# GOAL OF THE EXERCISE
Although pictures appear in the data, the answer should contain only the lines from its start through the line with "Preview for 19", written out exactly.

# DATA EXTRACTS
::::
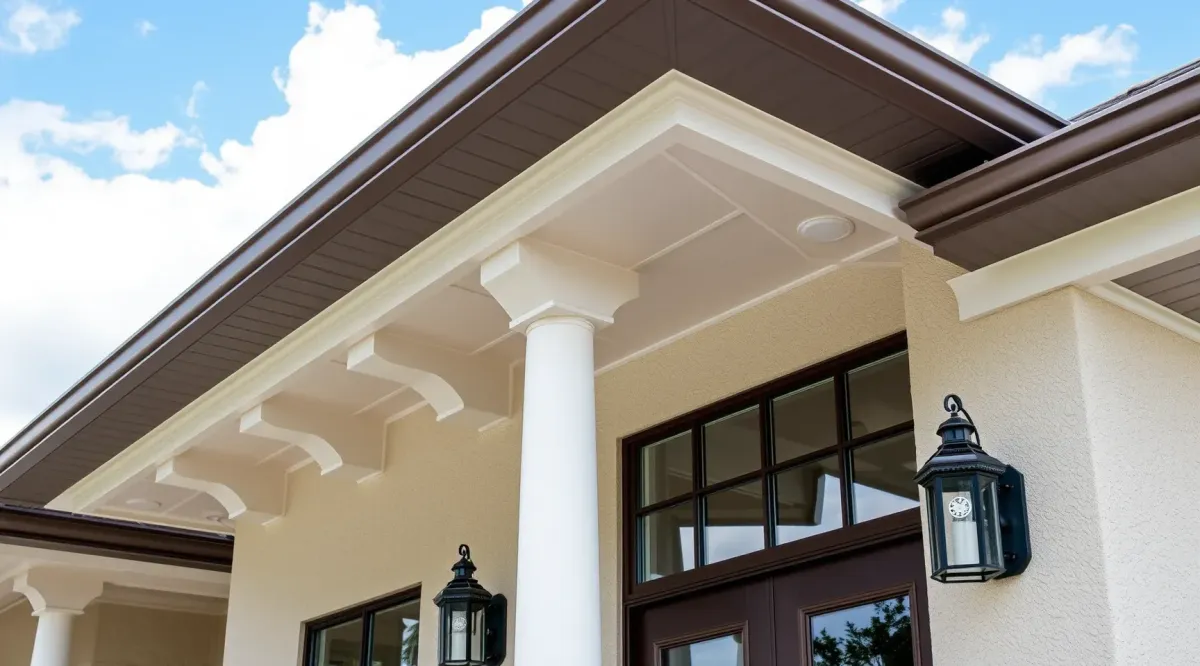Soffit and Fascia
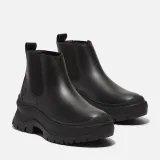 Dámska vychádzková obuv TIMBERLAND Roxie Lane black full grain · záber 4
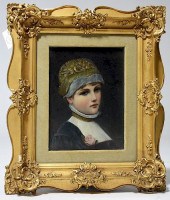 ALFRED SEIFERT OILFine oil on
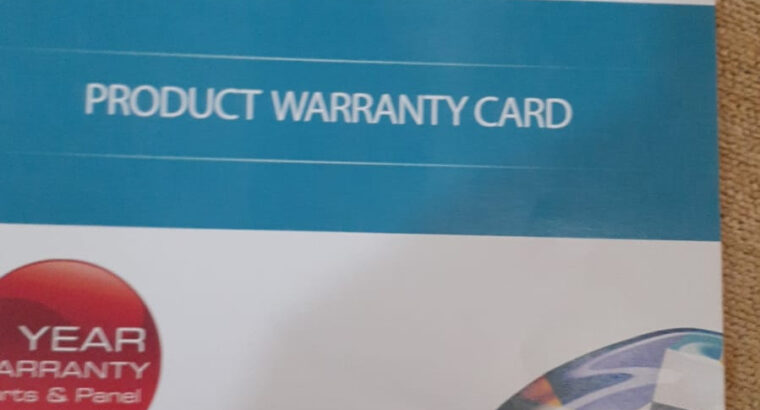 Smart Android TV 32 Inch – With Warranty Card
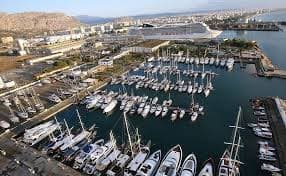 Setur Antalya Marina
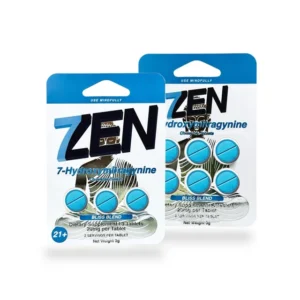 7Zen 7-OH Chewable Tablets Bliss Blend 20mg Per Tablet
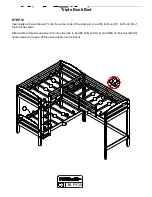 Preview for 19 page of Dorel Living 0-65857-20177-2 Manual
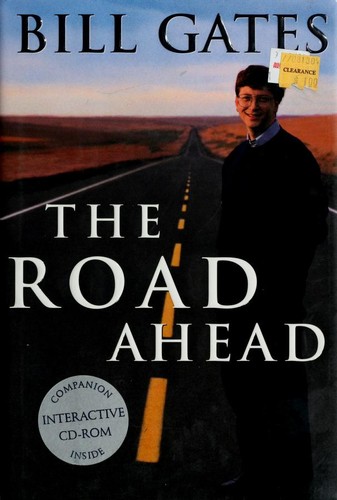 Copertina di The Road Ahead
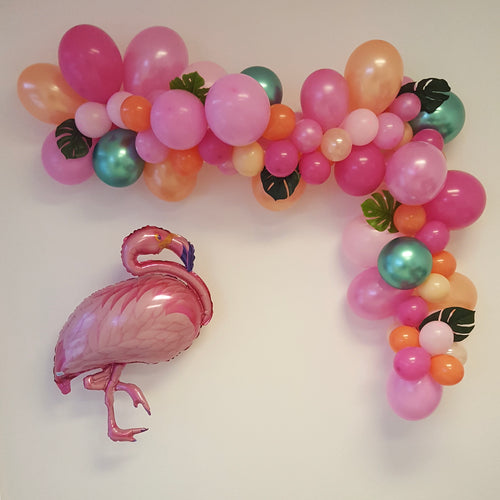 Flamingo Balloon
::::
# TASK RESULT
Soffit and Fascia
 Dámska vychádzková obuv TIMBERLAND Roxie Lane black full grain · záber 4
 ALFRED SEIFERT OILFine oil on
 Smart Android TV 32 Inch – With Warranty Card
 Setur Antalya Marina
 7Zen 7-OH Chewable Tablets Bliss Blend 20mg Per Tablet
 Preview for 19 page of Dorel Living 0-65857-20177-2 Manual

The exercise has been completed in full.